This is an opinion.
How elusive is unity in this day and age?
It’s taking a natural disaster to convince people in heavily Republican Mississippi to allow themselves to be rescued by FEMA workers from a Democrat-controlled federal government after Hurricane Ida blew through this week.
We’re also coming up on the 20th anniversary of a unifying event: the terrorist attacks on New York and Washington on Sept. 11, 2001.
However, politicians at all levels of government — goaded on by small groups of supporters they often refer to locally as “citizens” — routinely fan the flames of division with talk of, “What’s in it for me and mine?”
They see windows of opportunity when the other side falters and move as fast as they can to climb through those windows.
Whether they know it or not, words matter. Tone matters. The more sharp each is, the more it cuts through efforts for uniting behind a common purpose.

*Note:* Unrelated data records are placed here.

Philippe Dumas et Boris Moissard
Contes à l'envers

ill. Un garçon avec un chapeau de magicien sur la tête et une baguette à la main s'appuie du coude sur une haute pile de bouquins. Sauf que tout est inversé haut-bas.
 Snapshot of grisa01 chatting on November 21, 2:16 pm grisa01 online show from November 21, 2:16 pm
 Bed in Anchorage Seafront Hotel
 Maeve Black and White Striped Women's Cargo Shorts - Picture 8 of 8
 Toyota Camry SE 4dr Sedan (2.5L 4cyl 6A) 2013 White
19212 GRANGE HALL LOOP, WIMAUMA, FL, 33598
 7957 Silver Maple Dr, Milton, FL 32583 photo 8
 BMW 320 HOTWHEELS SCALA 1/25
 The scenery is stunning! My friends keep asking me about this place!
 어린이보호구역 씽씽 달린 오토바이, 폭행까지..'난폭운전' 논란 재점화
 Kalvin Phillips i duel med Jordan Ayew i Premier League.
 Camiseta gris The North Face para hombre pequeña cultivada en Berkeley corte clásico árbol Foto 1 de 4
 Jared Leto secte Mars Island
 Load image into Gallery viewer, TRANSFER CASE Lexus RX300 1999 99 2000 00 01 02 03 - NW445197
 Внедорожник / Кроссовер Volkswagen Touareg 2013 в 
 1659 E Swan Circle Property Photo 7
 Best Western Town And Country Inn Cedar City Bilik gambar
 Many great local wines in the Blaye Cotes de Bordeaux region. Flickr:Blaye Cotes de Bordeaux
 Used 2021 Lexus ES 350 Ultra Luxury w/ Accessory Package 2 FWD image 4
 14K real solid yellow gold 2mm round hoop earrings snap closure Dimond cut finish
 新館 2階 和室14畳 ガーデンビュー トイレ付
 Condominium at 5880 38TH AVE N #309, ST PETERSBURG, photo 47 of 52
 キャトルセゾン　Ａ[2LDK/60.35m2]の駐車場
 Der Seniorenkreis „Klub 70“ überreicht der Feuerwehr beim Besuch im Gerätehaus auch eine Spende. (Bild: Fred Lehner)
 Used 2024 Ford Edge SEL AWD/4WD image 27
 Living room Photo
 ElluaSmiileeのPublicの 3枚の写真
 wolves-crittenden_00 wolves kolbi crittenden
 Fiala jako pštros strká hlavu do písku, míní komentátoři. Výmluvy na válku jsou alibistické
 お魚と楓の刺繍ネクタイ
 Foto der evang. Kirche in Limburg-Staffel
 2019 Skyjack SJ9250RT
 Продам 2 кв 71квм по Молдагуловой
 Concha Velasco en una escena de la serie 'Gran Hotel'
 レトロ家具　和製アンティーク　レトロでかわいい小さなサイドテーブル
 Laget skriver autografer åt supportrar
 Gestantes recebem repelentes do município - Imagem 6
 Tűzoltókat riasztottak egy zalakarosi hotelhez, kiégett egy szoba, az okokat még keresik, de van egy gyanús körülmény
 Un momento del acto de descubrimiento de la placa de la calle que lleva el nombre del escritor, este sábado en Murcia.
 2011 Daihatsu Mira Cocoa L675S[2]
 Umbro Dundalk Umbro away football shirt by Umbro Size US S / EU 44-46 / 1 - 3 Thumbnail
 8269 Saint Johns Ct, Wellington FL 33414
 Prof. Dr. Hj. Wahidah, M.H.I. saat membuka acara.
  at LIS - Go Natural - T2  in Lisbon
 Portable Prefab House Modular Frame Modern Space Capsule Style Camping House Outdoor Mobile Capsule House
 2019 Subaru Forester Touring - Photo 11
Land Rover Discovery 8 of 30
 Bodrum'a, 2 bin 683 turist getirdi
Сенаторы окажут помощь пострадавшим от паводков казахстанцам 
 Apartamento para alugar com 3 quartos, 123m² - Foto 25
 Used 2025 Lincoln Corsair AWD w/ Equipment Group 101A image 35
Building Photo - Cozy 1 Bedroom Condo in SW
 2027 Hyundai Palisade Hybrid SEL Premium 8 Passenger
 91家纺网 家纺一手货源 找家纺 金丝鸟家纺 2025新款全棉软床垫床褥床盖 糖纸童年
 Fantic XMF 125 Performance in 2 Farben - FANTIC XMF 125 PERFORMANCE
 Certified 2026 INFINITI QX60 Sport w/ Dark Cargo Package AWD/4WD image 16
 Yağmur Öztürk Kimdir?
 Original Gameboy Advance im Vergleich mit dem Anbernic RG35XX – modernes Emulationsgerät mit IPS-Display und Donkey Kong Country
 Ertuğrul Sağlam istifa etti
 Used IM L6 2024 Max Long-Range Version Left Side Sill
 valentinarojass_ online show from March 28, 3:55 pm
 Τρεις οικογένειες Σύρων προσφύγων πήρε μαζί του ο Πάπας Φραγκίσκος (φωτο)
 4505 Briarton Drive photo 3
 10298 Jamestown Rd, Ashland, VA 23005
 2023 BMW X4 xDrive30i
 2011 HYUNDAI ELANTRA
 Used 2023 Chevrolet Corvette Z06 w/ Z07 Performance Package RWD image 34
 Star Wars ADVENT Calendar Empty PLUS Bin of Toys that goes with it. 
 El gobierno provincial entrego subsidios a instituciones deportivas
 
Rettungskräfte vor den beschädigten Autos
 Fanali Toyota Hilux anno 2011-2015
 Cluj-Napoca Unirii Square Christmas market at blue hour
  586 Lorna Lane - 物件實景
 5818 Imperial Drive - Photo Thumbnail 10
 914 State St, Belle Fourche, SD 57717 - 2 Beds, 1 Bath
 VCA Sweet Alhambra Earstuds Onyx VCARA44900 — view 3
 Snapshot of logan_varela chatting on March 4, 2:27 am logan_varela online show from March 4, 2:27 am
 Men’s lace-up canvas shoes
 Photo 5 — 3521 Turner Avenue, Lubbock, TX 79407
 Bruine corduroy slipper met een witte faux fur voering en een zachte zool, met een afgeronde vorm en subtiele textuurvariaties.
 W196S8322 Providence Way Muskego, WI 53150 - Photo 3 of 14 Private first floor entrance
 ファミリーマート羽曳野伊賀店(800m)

We’ve seen three radio talk show hosts in recent weeks — who made their marks urging their listeners to oppose public health efforts to vaccinate against COVID-19 — lose their lives to the disease.
Marc Bernier, a conservative Florida radio host who called himself “Mr. Anti-Vax,” died recently after a three-week battle with COVID-19.
Our own Congressman Jody Hice has essentially been the mouthpiece for the Freedom Caucus, a group of congressmen so named, I guess, because they have the freedom to repeat any rumors or lies they hear about politicians from either party they don’t agree with.
Hice, a Republican and former pastor, has only sounded like a congressman doing his job in recent days as a member of the opposite party as he criticized the Democratic president for his handling of the Afghanistan withdrawal.
Now, we have football legend Herschel Walker returning to his Georgia hometown after decades in Texas, running for the U.S. Senate and speaking of the need for “unity.”
“When people start to talk about separation ... There is no ‘I’ in team, there’s no ‘we’ in team; It is called ‘team.’ And that’s how the team is better is when you play as one, as one group and it is sad this country is in the place it’s in today,” Walker told Fox Sports.
“The way we get it back is we got to get together and we need to talk these problems out and work them out and quit listening to a lot of these people who want to separate us.”
But at the same time he is running for the Senate — after never holding elected office at any level — at the urging of the producer of the Big Lie based on claims about voting irregularities not borne out by truth.
Donald Trump’s words led to changes in Georgia’s voting laws approved without the evidence needed to back up the need for them.
Meanwhile, Trump’s successor, President Joe Biden, spoke about the need for unity soon after being inaugurated in January.
He argued it was not about all reaching the same choice on issues but about resolving disagreement.
Biden then went about signing more executive orders than his three predecessors combined. His call for “unity’ disappeared with his actions to reverse “bad policy” strongly supported by conservatives.
His call appears to be forgotten as he halted funding for the construction of Trump’s border wall, canceled the Keystone XL pipeline, among many other initiatives Biden’s liberal supporters cheered but conservatives jeered.
The only time the country appears to come together is when disaster strikes — or they fear their vehicle falling into a river as they drive on a decaying bridge. Yes, the recent passage of the federal infrastructure bill was a rare example of bipartisanship.
Until this county, state and country and its leaders decide how best to achieve a single goal all can live with, this “team” Herschel Walker spoke of may be going in the wrong direction for years to come.